- Abbreviation: ULP
- Leader: Gurgen Arsenyan
- Founded: 2002
- Headquarters: Yerevan
- Membership: 17,000
- Ideology: Social democracy; Pro-Europeanism;
- Political position: Centre-left
- National Assembly: 1 / 107

Website
- ulp.am

= United Labour Party (Armenia) =

The United Labour Party (ULP) (Միավորված աշխատանքային կուսակցություն) is a social-democratic political party in Armenia. It is led by Gurgen Arsenyan.

== History ==
Following the Armenian parliamentary election on 25 May 2003, the party won 5.7% of the popular vote and 6 out of 131 seats in the National Assembly. In the 2007 Armenian parliamentary elections, the party failed to win any seats, with a popular vote of 4.39%.

The party officially endorsed Prosperous Armenia prior to the 2012 Armenian parliamentary election.
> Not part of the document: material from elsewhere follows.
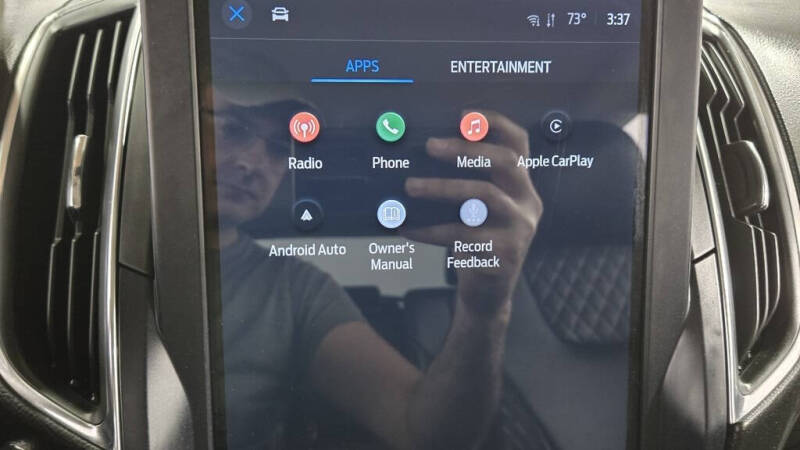 2023 Ford Edge Titanium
Both parties held a joint conference prior to the election where Gurgen Arsenyan pledged his support. Arsenyan participated as a candidate under Prosperous Armenia's electoral list. Following the announcement, Prosperous Armenia leader Gagik Tsarukyan expressed his gratitude for trust and support of the United Labour Party.

In 2015, party leaders met with the then President of Armenia, Serzh Sargsyan to discuss constitutional reforms.

Party leader Gurgen Arsenyan endorsed the 2018 Armenian revolution and stated that, "the United Labor Party will unconditionally support the citizens of Armenia in exercising their right to form a new National Assembly."

In January 2021, Arsenyan met with Prime Minister Nikol Pashinyan to discuss various political issues.

On 1 April 2021, the United Labour Party signed a joint declaration with four other political parties calling on the Government of Armenia to ensure free and fair upcoming elections, following the on-going political unrest in Armenia.

The party confirmed that it would participate in the 2021 Armenian parliamentary elections with Nikol Pashinyan's Civil Contract party. Gurgen Arsenyan was listed on Civil Contracts electoral list. Following the election, Civil Contract won 53.9% of the popular vote and 71 seats in the National Assembly. Arsenyan won a single seat.

== Ideology ==
The party advocates for the growth of a free-market economy, social development, protection of human rights, and the self-determination of nations. The party believes Armenia should deepen its European integration and raise its political and economic relations with the European Union, while also maintaining strong ties with Russia.